By Agency | July 15th 2020
President Frank-Walter Steinmeier of the Federal Republic of Germany and President Uhuru Kenyatta during the laying of the foundation stone for the construction of an industrial mechatronics centre at the Kiambu Institute of Science and Technology (PHOTO: Courtesy)

NAIROBI, KENYA: The World Youth Skills Day (WYSD 2020) is celebrated on July 15, every year. The United Nations invented day aims at spreading awareness of the importance that technical and vocational education, training, and the development of new skills holds in our lives and is relevant to both local and global economies.

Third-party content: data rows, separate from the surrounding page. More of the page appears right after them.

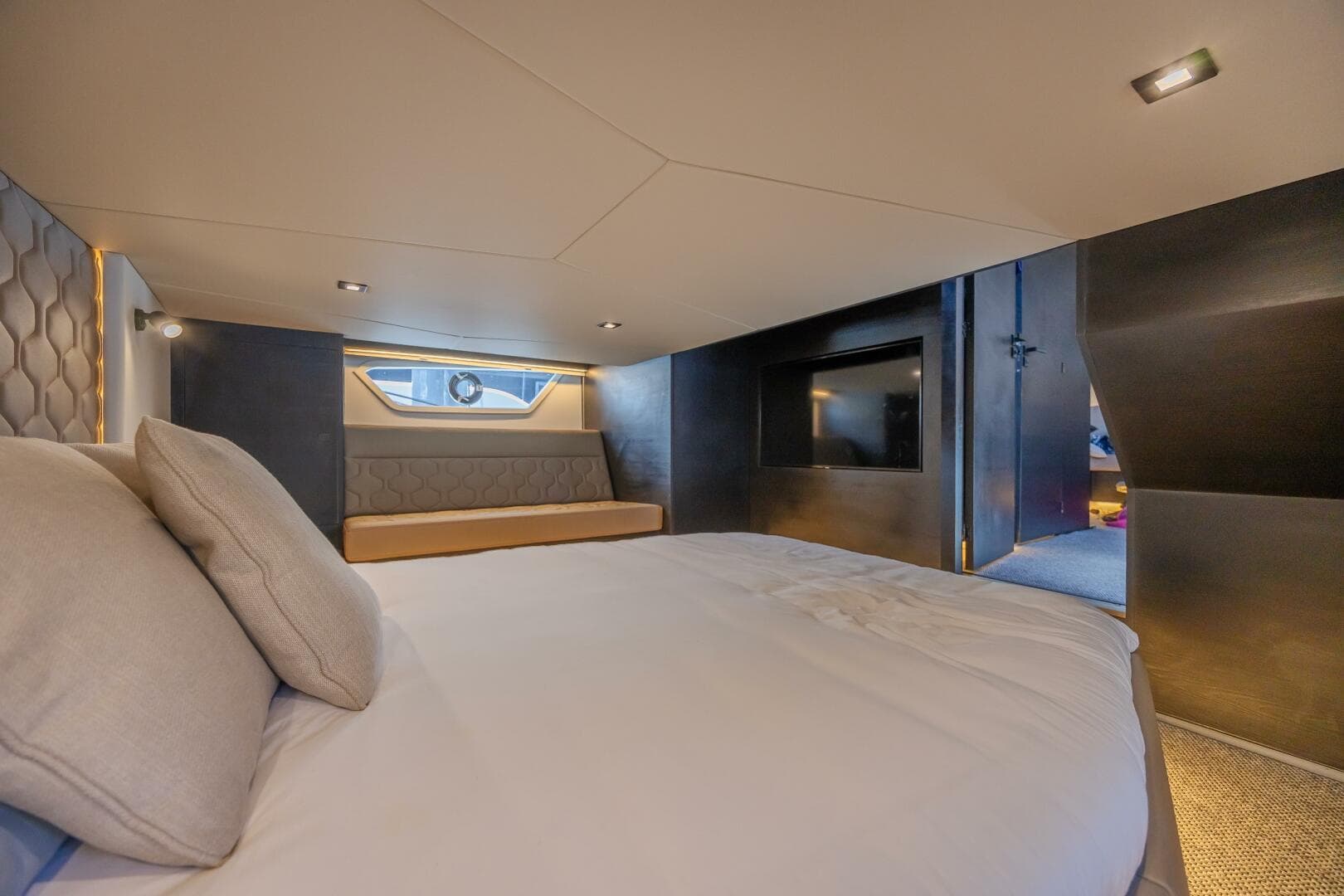 2023 Vanquish Yachts VQ58 photo 49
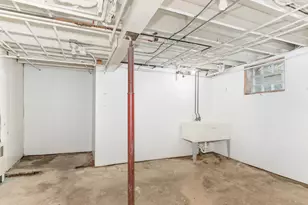 642 E Chicago St, Elgin, IL 60120 - Photo 28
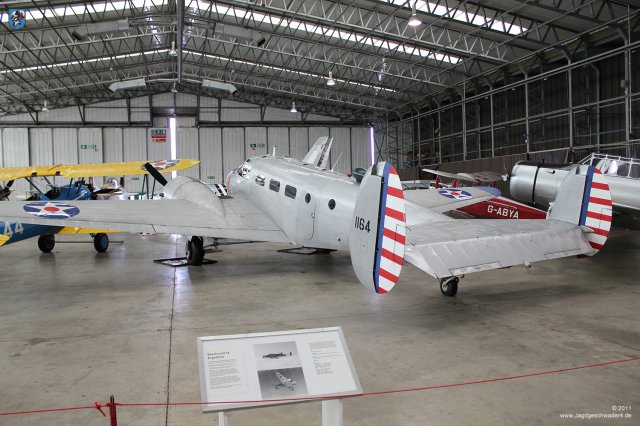 0052_IWM-Museum_Duxford_Beechcraft_18_1164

The commemoration of WYSD 2020 is happening in an extremely challenging context. The Coronavirus (COVID-19) pandemic and lockdown measures have led to the worldwide closure of TVET institutions, threatening the continuity of skills development.

In Kenya, the nationwide closure of educational institutions disrupted learning and training of over 430,000 TVET trainees.

They are now home – mainly because practical skills and work-readiness aspects that are typically the hallmark of TVET training are challenging to deliver remotely as they require the use of equipment or materials that are institution-based.

With the Ministry of Education planning to re-open TVET institutions in September this year in strict adherence to the Ministry of Health's guidelines for containing the virus, Zack Kinuthia, the Chief Administrative Secretary, Ministry of Education is upbeat affirming, “The training institutions are putting in place measures to curb the spread of the virus including flowing water, access to hand sanitisers and provision of face masks at subsidised costs.”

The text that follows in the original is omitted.